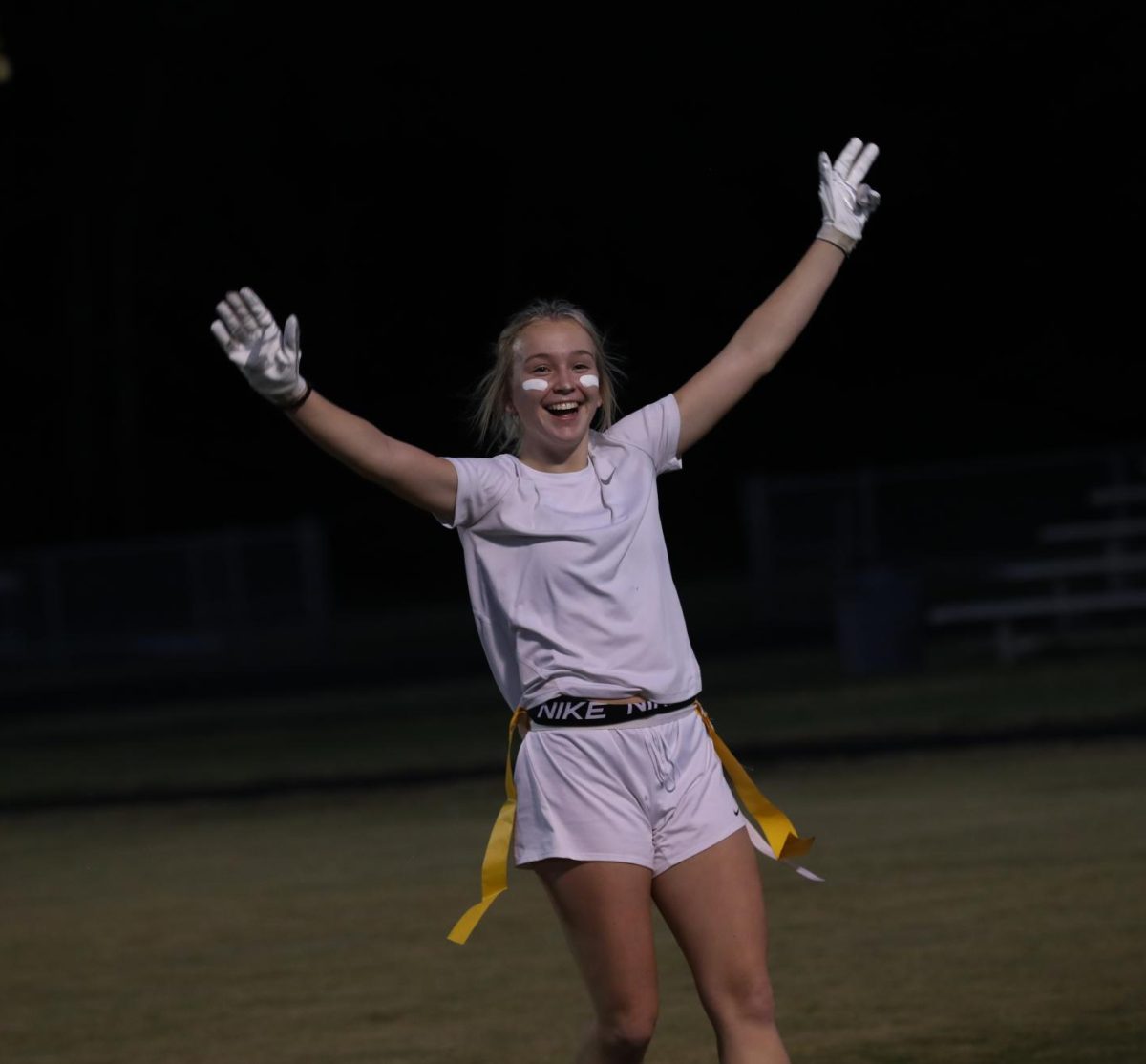 Junior Tori Patton celebrates after her team scores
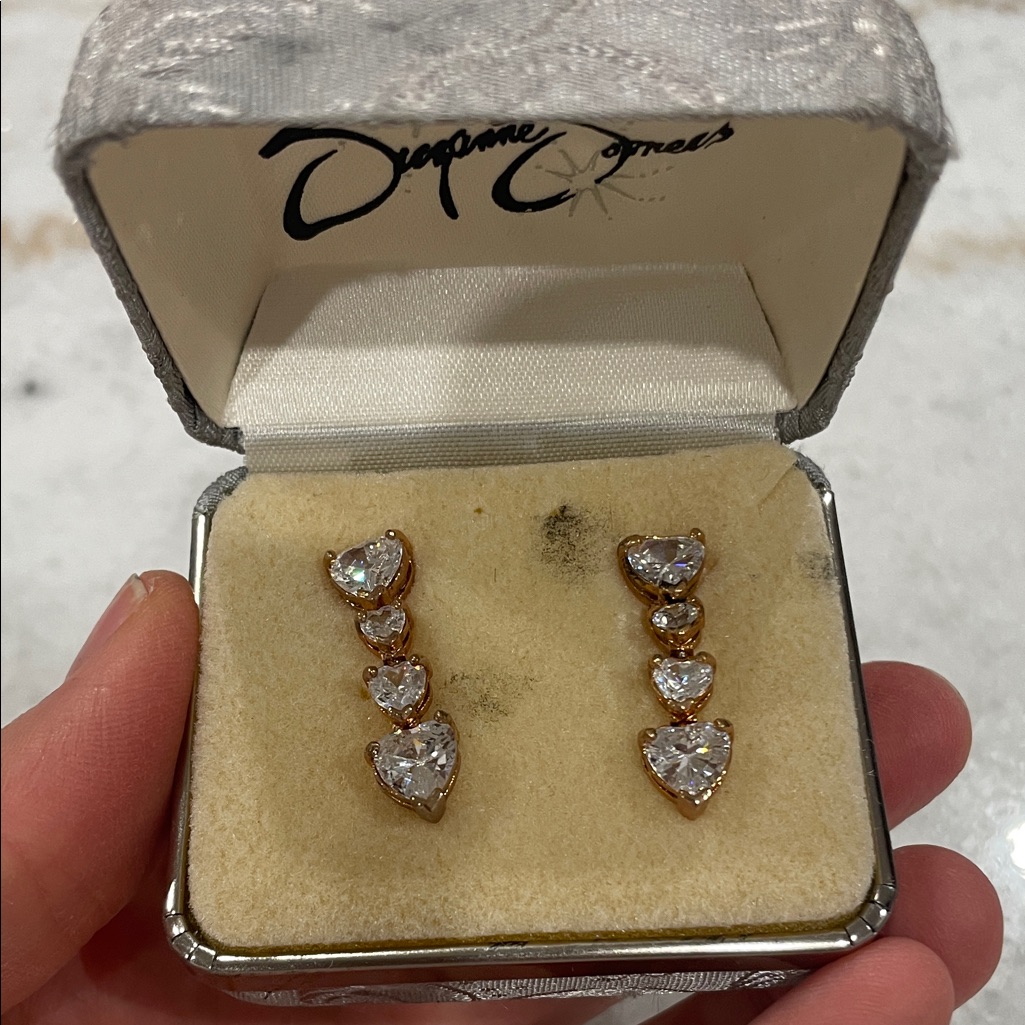 Suzanne Somers Gold And Silver Heart Earrings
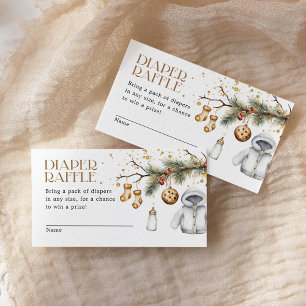 Diaper Raffle Boho jul Baby Shower Tilläggskort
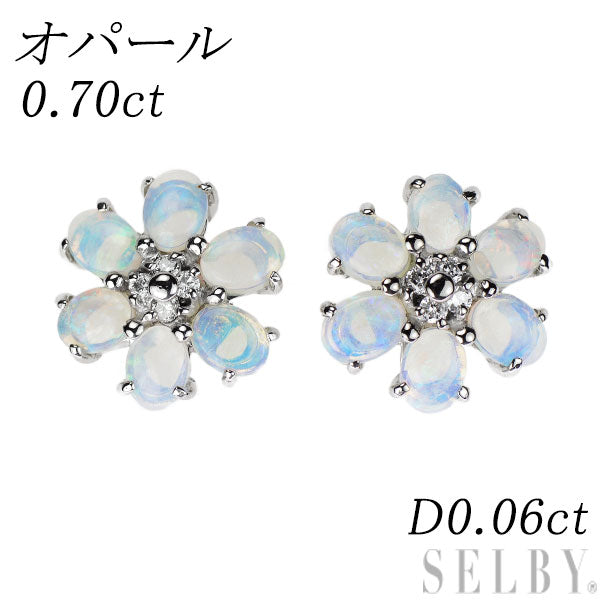 K18WG/ Pt850 オパール ダイヤモンド ピアス 0.70ct D0.06ct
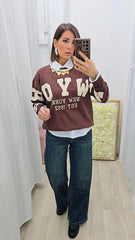 Pull Scritta Marrone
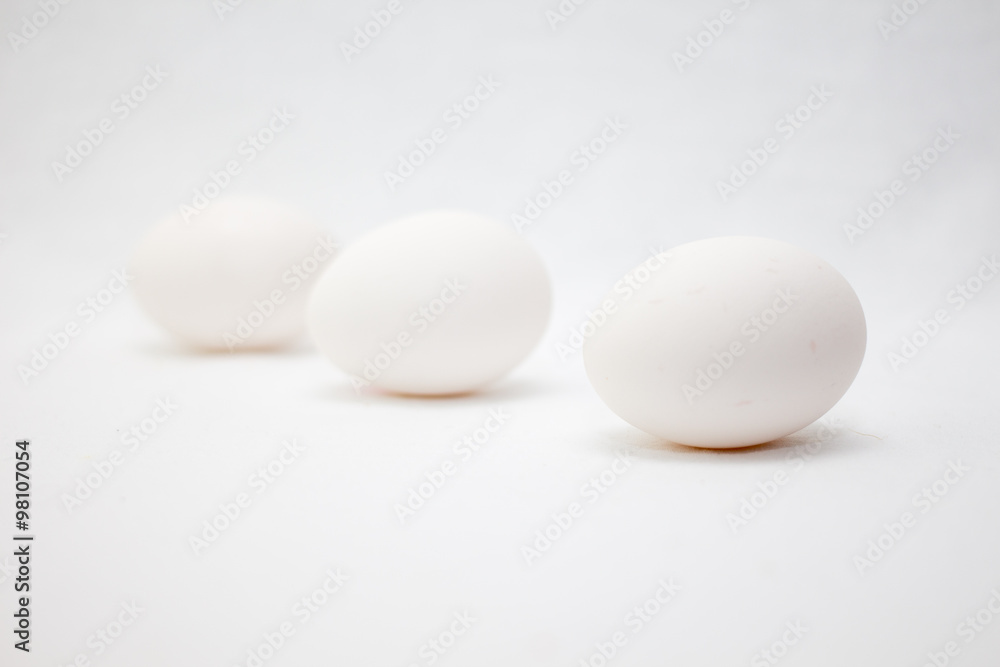 white eggs on a white background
━━━━━━━━━━━━━━━━
TASK REQUIREMENTS
Since only the text is wanted, repeat all the records above exactly and omit the pictures.

RESPONSE FOR THIS EXERCISE
 Junior Tori Patton celebrates after her team scores
 Suzanne Somers Gold And Silver Heart Earrings
 Diaper Raffle Boho jul Baby Shower Tilläggskort
 K18WG/ Pt850 オパール ダイヤモンド ピアス 0.70ct D0.06ct
 Pull Scritta Marrone
 white eggs on a white background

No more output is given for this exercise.